James: Yeah, I would assume that food costs food prices, just understanding food is such a major part of running a restaurant. Now how do you work with them to try and reduce their their food costs and and also collect more data? Yeah.

Ben: So everybody who’s run a restaurant, they always are looking at, OK, what are my costs? What’s going to cost on this product for my vendor? You know, figuring out the right way to construct a menu item and what they think, the cost and margins going to be on that so they can price it. But you know, that’s a lot of work to do that. And so is often done once. And then, you know, from there, you just kind of do your regular purchasing every single week. And you know, folks, a lot of times are wondering, am I still getting the best price? You know? Is there something that I should be doing, whether it’s changing a vendor because I could get a better price over here? Or maybe there’s a substitute ingredient that I could use that is significantly less than what I have been using to try to find a way to mitigate. You know, what we’re looking at right now is a twenty four percent year over year increase in product, which, you know, restaurants know they can’t always completely pass that on to the customer. So how can you try to mitigate that a bit with what you do? And that’s what we do for us. So we have a very simple tool. Is a free browser extension very similar to anybody who’s used honey to help find discounts as they shop and a restaurant operator installs it on the browser and then as they shop and do their purchasing for the week from their vendors. If we can find a similar product at a lower price from one of their existing vendors, we just put a little icon next to it and can click on it, take some rates that lenders page and they’re able to make the purchase so. So we’re really putting the decision making power in the hands of the buyer because they’re the one who knows best if that’s the right product to do. But just making it a lot easier and take that time out of it that they’d have to spend, you know, going into every single source, write it down their mouth and then figure it out where they should be making their purchases that week.

James: I agree with you about restaurant operators. I do think sometimes that they don’t do as good a job of every single week knowing what their expenses are, right, because they’re trying to deal with so many different things. But I imagine a tool like yours that is a continuously checking can really help restaurant operators.

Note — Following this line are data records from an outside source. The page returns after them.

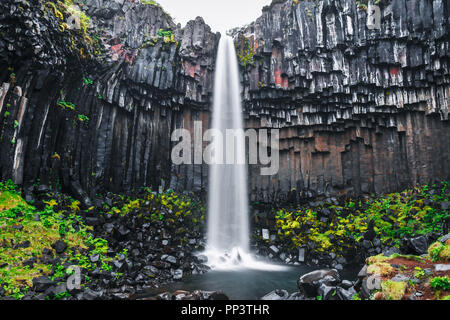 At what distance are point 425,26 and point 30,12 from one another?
20411 mm

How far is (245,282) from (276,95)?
12556mm

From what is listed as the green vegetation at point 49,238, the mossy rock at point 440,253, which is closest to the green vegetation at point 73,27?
the green vegetation at point 49,238

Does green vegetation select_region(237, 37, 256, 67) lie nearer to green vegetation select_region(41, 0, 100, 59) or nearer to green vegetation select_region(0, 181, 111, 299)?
green vegetation select_region(41, 0, 100, 59)

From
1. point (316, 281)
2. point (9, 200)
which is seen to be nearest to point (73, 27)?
point (9, 200)

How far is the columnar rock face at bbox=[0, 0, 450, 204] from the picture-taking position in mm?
13867

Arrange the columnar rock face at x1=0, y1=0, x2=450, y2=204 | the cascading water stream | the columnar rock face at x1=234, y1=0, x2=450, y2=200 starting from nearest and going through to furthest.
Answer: the columnar rock face at x1=0, y1=0, x2=450, y2=204
the columnar rock face at x1=234, y1=0, x2=450, y2=200
the cascading water stream

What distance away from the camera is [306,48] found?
58.5ft

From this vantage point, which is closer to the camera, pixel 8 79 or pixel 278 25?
pixel 8 79

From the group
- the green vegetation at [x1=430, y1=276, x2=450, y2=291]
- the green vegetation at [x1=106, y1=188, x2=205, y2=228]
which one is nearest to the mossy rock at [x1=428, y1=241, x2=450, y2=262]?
the green vegetation at [x1=430, y1=276, x2=450, y2=291]

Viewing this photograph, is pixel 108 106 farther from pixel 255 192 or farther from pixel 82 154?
pixel 255 192

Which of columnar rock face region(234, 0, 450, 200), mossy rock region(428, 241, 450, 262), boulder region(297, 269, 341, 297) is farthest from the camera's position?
columnar rock face region(234, 0, 450, 200)

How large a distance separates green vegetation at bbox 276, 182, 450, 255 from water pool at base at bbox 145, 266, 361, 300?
1917 millimetres

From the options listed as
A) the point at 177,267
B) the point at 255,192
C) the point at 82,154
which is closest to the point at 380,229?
the point at 255,192

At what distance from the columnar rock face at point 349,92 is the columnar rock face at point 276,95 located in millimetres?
69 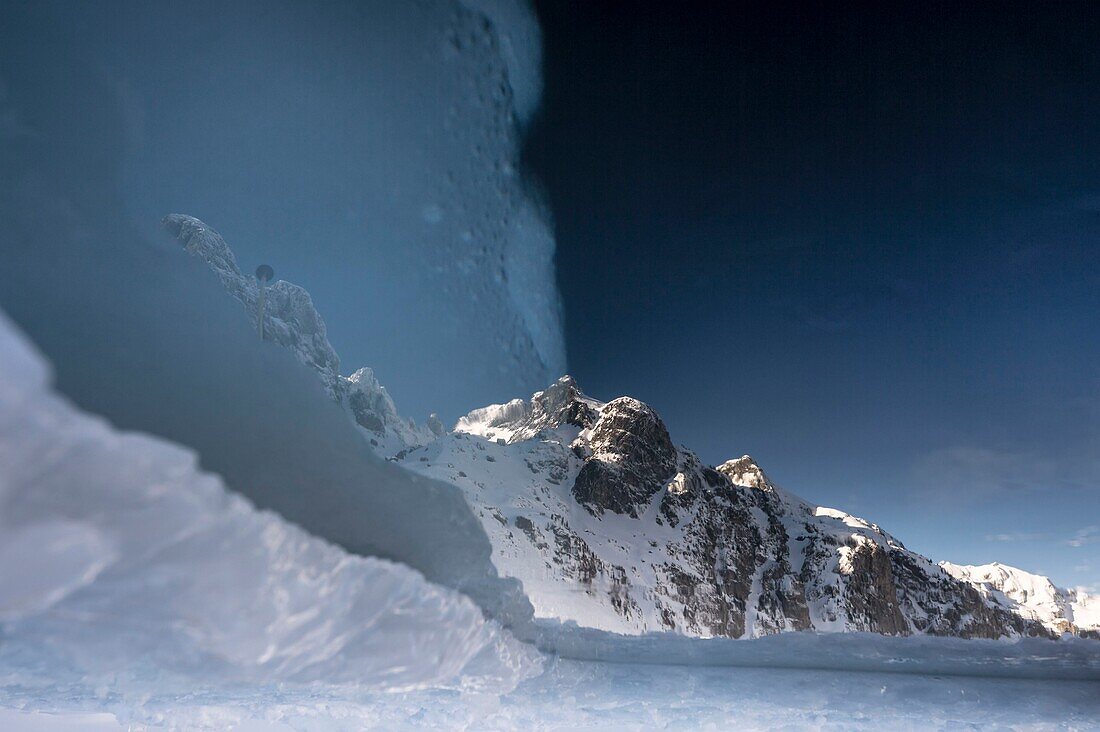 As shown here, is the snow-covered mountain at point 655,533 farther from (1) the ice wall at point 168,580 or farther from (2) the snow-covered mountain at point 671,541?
(1) the ice wall at point 168,580

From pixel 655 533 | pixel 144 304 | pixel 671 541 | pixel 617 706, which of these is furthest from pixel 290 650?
pixel 671 541

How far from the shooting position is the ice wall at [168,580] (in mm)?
6031

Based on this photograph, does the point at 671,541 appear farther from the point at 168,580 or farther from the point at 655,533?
the point at 168,580

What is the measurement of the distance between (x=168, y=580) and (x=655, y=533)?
13719 centimetres

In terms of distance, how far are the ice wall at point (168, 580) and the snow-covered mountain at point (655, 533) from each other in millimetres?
88107

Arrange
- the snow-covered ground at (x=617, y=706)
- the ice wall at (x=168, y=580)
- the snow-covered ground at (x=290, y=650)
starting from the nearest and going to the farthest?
the ice wall at (x=168, y=580), the snow-covered ground at (x=290, y=650), the snow-covered ground at (x=617, y=706)

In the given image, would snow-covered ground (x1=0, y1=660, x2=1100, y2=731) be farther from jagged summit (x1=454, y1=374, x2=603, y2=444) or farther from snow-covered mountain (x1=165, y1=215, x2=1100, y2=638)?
jagged summit (x1=454, y1=374, x2=603, y2=444)

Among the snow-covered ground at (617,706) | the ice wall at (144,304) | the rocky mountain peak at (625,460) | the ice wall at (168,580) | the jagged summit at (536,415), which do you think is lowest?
the snow-covered ground at (617,706)

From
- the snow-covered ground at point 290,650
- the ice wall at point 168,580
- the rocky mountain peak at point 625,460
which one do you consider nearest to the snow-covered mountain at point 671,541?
the rocky mountain peak at point 625,460

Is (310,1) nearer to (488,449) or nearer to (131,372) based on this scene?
(131,372)

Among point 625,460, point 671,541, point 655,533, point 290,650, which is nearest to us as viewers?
point 290,650

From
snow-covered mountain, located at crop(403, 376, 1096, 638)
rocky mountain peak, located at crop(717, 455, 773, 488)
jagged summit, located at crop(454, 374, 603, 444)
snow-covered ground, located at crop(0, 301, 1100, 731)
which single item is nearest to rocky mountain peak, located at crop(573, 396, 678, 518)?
snow-covered mountain, located at crop(403, 376, 1096, 638)

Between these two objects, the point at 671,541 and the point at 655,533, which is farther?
the point at 655,533

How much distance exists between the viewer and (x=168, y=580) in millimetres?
7758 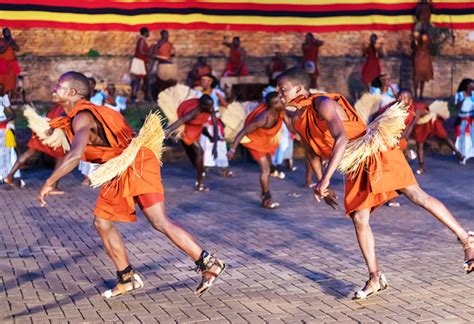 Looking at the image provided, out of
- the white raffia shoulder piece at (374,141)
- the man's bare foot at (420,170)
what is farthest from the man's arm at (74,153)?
the man's bare foot at (420,170)

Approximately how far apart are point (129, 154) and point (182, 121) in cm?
600

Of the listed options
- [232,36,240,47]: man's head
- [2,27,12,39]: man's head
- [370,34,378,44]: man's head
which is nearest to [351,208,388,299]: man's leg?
[2,27,12,39]: man's head

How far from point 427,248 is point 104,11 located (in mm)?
13743

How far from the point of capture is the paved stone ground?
6.16 metres

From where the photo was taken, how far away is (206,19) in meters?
22.1

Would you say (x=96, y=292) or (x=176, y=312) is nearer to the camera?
(x=176, y=312)

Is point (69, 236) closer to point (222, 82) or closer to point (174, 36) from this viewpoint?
point (222, 82)

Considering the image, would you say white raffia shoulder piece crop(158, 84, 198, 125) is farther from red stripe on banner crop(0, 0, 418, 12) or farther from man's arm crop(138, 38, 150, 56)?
red stripe on banner crop(0, 0, 418, 12)

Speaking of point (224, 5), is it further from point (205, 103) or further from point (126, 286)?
point (126, 286)

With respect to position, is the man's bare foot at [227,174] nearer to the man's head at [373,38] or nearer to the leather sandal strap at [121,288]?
the leather sandal strap at [121,288]

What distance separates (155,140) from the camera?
22.0 ft

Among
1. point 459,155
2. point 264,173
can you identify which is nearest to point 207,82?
point 264,173

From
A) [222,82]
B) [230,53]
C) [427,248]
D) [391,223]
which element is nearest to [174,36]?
[230,53]

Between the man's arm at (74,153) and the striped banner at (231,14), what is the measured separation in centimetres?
1396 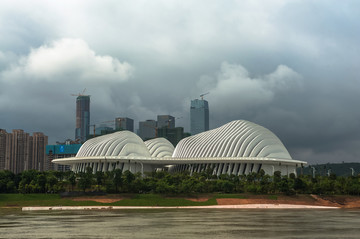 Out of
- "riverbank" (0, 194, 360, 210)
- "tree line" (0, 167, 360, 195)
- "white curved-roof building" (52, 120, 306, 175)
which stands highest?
"white curved-roof building" (52, 120, 306, 175)

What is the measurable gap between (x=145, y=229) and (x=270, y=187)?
2047 inches

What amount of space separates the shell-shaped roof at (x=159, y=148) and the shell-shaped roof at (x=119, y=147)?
51.7 ft

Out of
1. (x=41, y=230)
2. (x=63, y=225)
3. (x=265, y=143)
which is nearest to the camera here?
(x=41, y=230)

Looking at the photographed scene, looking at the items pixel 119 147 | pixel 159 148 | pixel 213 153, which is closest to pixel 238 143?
pixel 213 153

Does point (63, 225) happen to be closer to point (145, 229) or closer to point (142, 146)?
point (145, 229)

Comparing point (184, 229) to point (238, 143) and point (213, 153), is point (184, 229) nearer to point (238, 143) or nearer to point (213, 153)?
point (238, 143)

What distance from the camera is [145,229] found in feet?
145

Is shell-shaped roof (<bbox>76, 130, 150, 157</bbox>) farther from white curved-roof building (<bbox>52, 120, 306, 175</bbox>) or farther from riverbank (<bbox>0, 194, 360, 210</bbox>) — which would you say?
riverbank (<bbox>0, 194, 360, 210</bbox>)

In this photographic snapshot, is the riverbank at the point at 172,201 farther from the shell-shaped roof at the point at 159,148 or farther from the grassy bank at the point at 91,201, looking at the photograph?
the shell-shaped roof at the point at 159,148

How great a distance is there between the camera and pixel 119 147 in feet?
445

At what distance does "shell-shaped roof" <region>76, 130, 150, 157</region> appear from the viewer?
134 m

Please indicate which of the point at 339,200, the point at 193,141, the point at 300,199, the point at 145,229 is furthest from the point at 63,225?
the point at 193,141

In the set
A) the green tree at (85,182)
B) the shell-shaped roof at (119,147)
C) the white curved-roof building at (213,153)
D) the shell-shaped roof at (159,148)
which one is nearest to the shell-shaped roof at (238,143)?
the white curved-roof building at (213,153)

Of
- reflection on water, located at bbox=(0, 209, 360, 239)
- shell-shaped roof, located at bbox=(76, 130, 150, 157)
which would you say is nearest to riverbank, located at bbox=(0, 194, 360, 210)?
reflection on water, located at bbox=(0, 209, 360, 239) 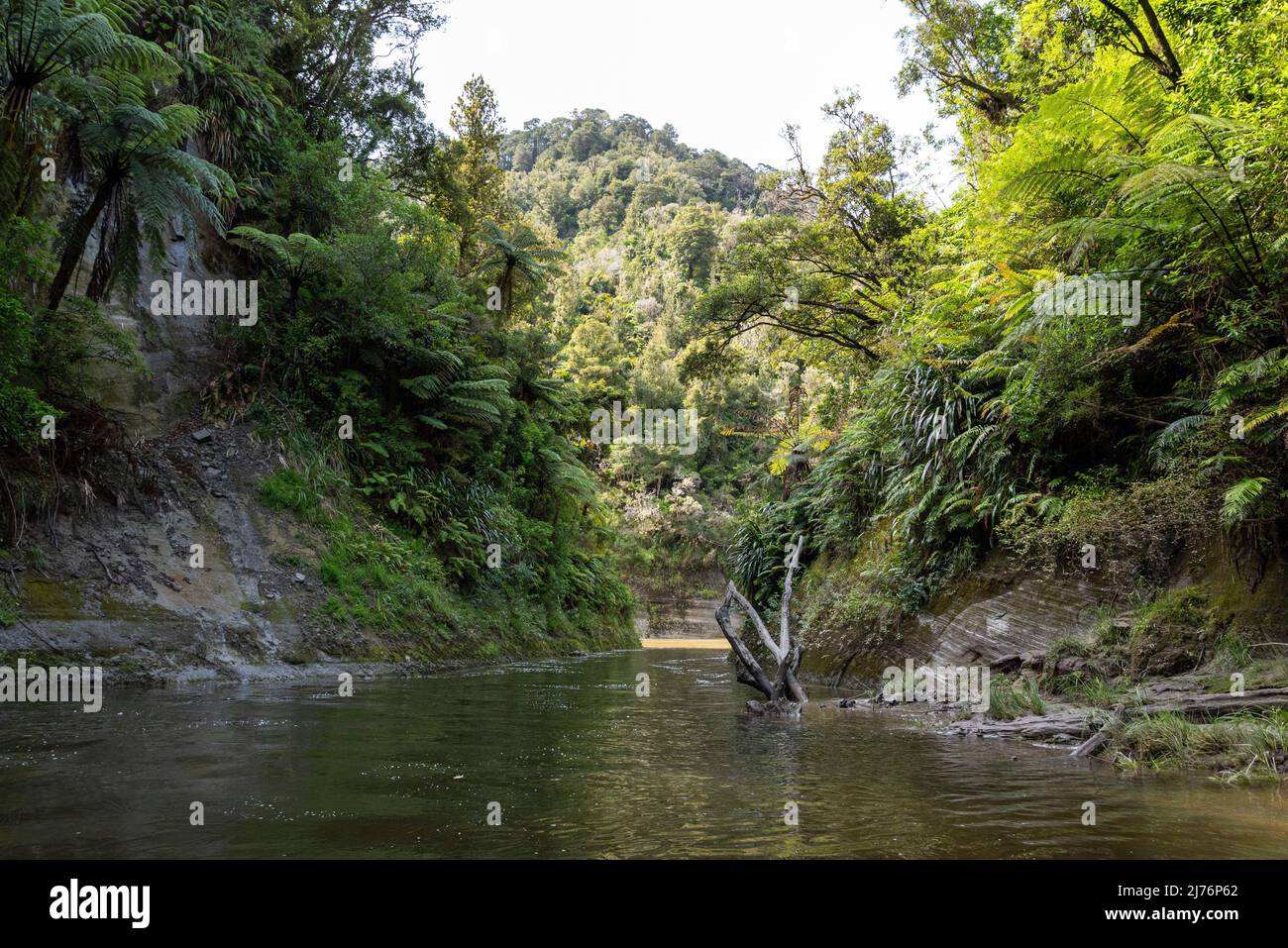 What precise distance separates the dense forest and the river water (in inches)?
112

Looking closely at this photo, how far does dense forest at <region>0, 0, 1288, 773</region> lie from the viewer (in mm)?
7906

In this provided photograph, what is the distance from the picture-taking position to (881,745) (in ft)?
21.7

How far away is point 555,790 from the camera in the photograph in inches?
185

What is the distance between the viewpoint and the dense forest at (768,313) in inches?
311

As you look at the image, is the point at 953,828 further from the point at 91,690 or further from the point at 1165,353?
the point at 91,690

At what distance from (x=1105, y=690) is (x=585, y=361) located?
3797 centimetres

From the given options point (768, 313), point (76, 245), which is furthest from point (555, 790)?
point (768, 313)

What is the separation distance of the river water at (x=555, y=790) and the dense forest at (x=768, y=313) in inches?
112

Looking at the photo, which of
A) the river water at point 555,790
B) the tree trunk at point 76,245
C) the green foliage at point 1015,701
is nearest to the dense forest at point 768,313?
the tree trunk at point 76,245

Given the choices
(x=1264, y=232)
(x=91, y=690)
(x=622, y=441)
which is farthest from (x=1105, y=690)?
(x=622, y=441)

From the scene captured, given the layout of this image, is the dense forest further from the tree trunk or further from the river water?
the river water

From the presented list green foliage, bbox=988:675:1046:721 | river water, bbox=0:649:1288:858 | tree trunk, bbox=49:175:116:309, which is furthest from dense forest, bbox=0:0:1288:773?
river water, bbox=0:649:1288:858

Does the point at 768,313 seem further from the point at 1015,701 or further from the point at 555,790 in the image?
the point at 555,790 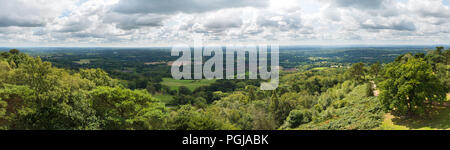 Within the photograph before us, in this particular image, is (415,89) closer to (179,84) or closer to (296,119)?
(296,119)

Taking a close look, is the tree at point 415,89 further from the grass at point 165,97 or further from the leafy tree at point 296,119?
the grass at point 165,97

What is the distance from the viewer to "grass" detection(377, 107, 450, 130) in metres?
21.1

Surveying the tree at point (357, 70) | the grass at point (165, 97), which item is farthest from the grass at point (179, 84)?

Ben: Absolutely right. And even if it can’t find a lower price, just that validation that, nope, I’ve got the right price. You know, removes that a little bit of concern that a little bit of worry that you have in your back of your head, like, am I doing what I should be for my purchasing? And even that bit of understanding can be really powerful and just make it easier, right? Because it’s, as you said, there’s enough other headaches going on on a daily basis. You shouldn’t be worried about that as well.

James: Now with all of this, you’re collecting a lot of data. What do you do with the data or do you have plans for all this information that you’re building together to do with or ask, what’s your plans for that?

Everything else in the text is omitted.